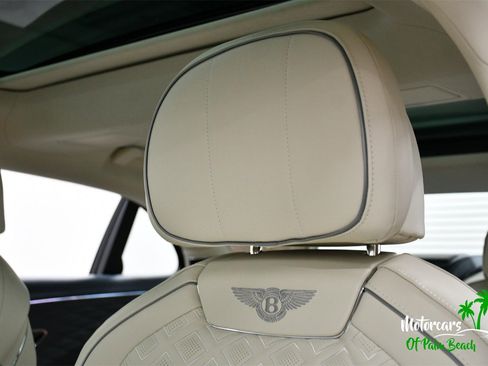 Used 2023 Bentley Flying Spur W12 image 24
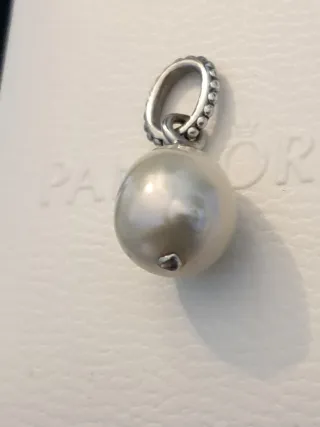 Charm Pandora Perla Barocca Bianca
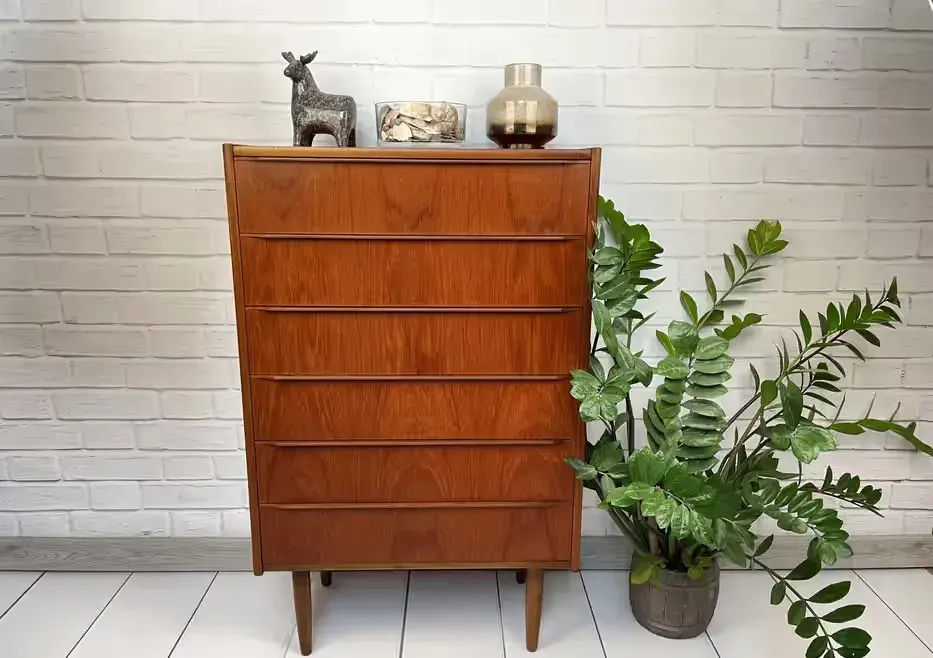 Piękna duńska komoda tekowa lata 60 – Mid-Century Modern, Vintage, PRL, skandynawski design – 6 szuflad, drewniana, po renowacji — praca twórcy Michał na Freshwall Marketplace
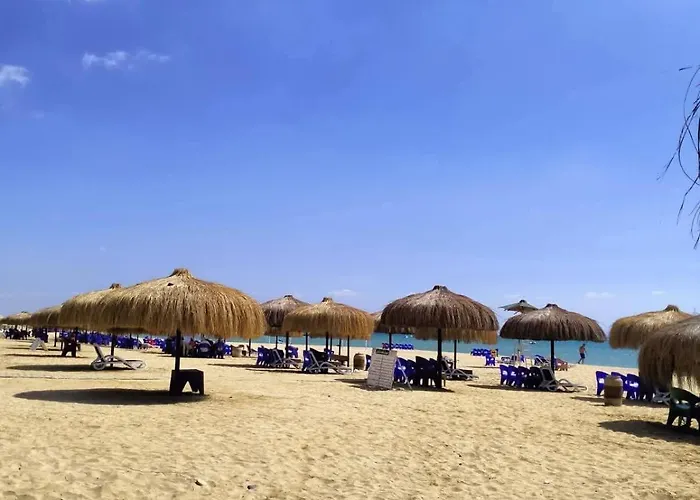 شالية بقرية بالم بيتش السخنة *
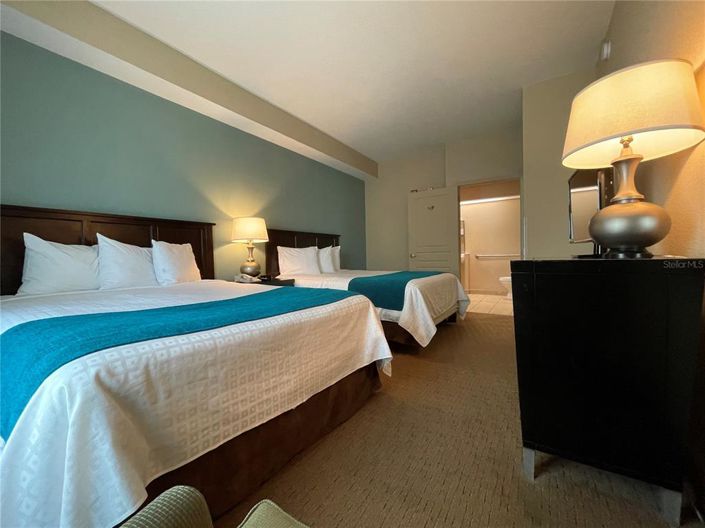 Image No.13-2 Bed Property for sale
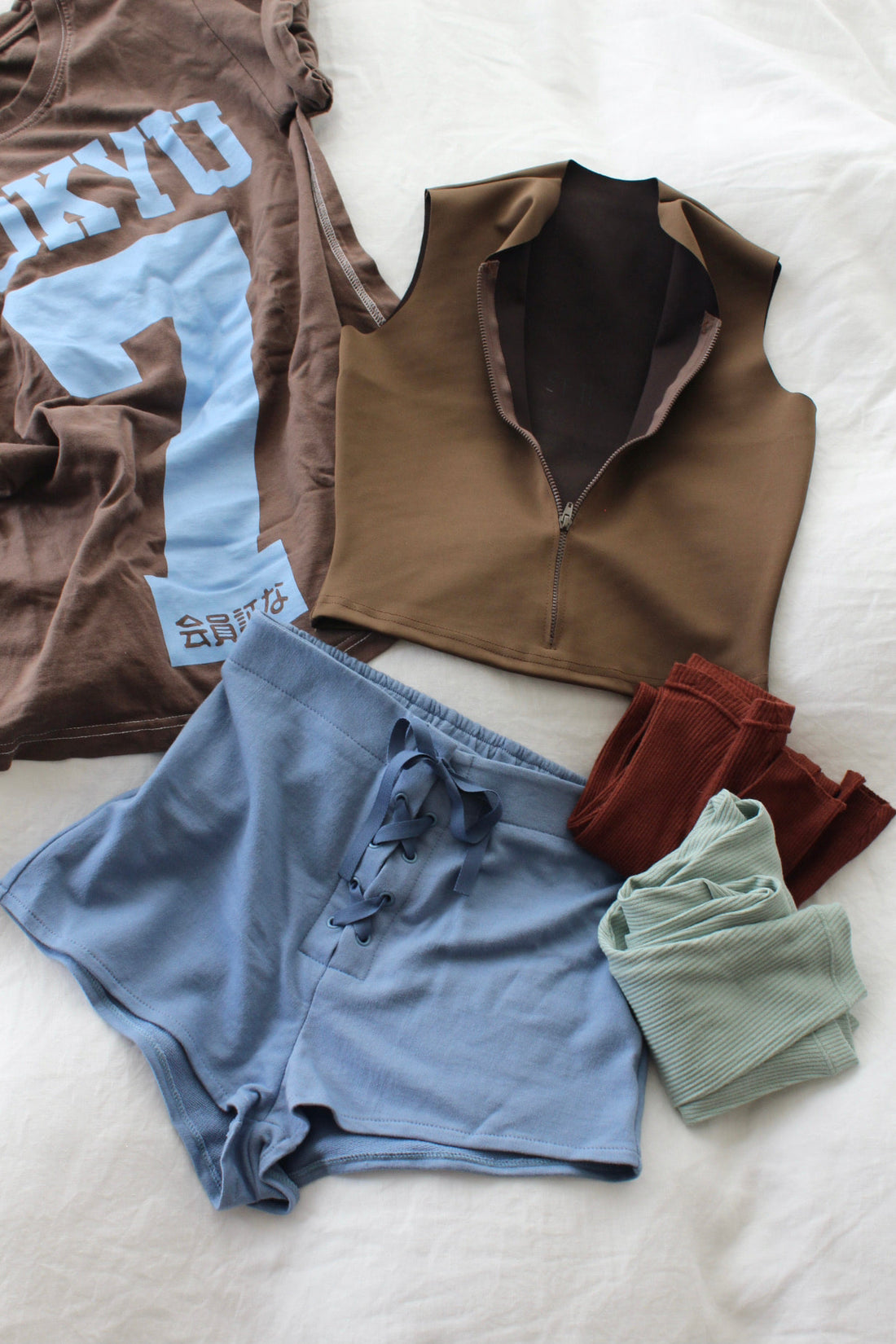 ZIPPERED HALF TOP | TOBACCO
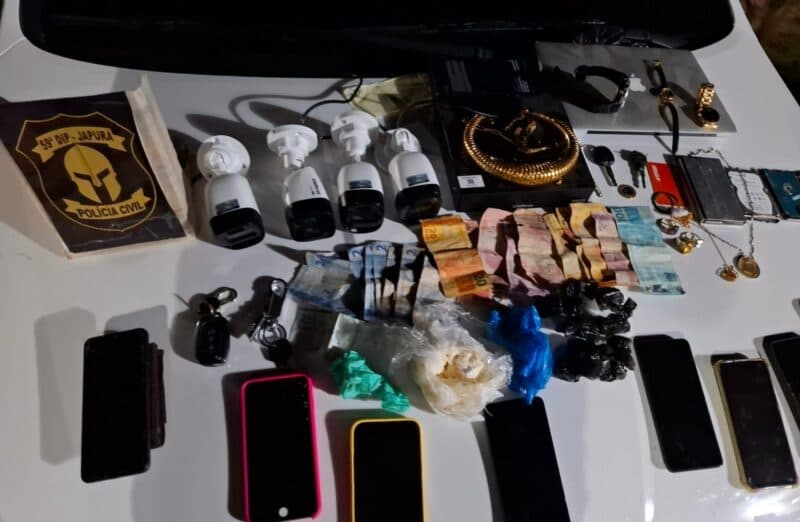 Em Japurá, homem é preso com drogas e material utilizado no tráfico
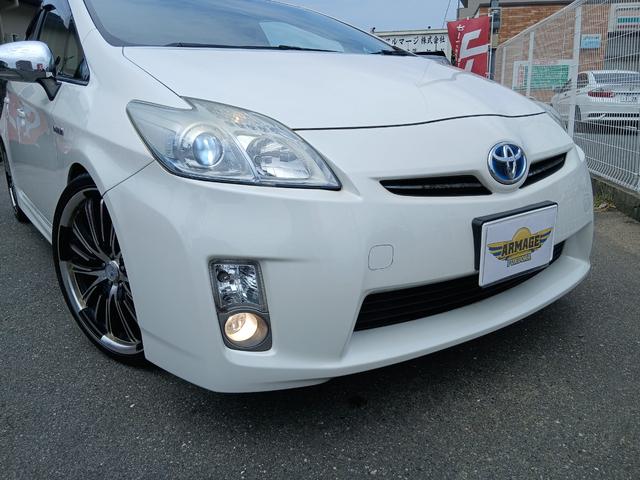 プリウス Ｓ　ＥＴＣ　バックカメラ　ナビ　ＴＶ　アルミホイール　ＨＩＤ　ＣＶＴ　スマートキー　電動格納ミラー　盗難防止システム　ＵＳＢ　ミュージックプレイヤー接続可　Ｂｌｕｅｔｏｏｔｈ　衝突安全ボディ　ＡＢＳ（22枚目）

## The task:
Starting at the line that contains "Piękna duńska komoda", please write out each line through the last line of the data, both ends included, and keep pictures out of the copy.

## Response area:
 Piękna duńska komoda tekowa lata 60 – Mid-Century Modern, Vintage, PRL, skandynawski design – 6 szuflad, drewniana, po renowacji — praca twórcy Michał na Freshwall Marketplace
 شالية بقرية بالم بيتش السخنة *
 Image No.13-2 Bed Property for sale
 ZIPPERED HALF TOP | TOBACCO
 Em Japurá, homem é preso com drogas e material utilizado no tráfico
 プリウス Ｓ　ＥＴＣ　バックカメラ　ナビ　ＴＶ　アルミホイール　ＨＩＤ　ＣＶＴ　スマートキー　電動格納ミラー　盗難防止システム　ＵＳＢ　ミュージックプレイヤー接続可　Ｂｌｕｅｔｏｏｔｈ　衝突安全ボディ　ＡＢＳ（22枚目）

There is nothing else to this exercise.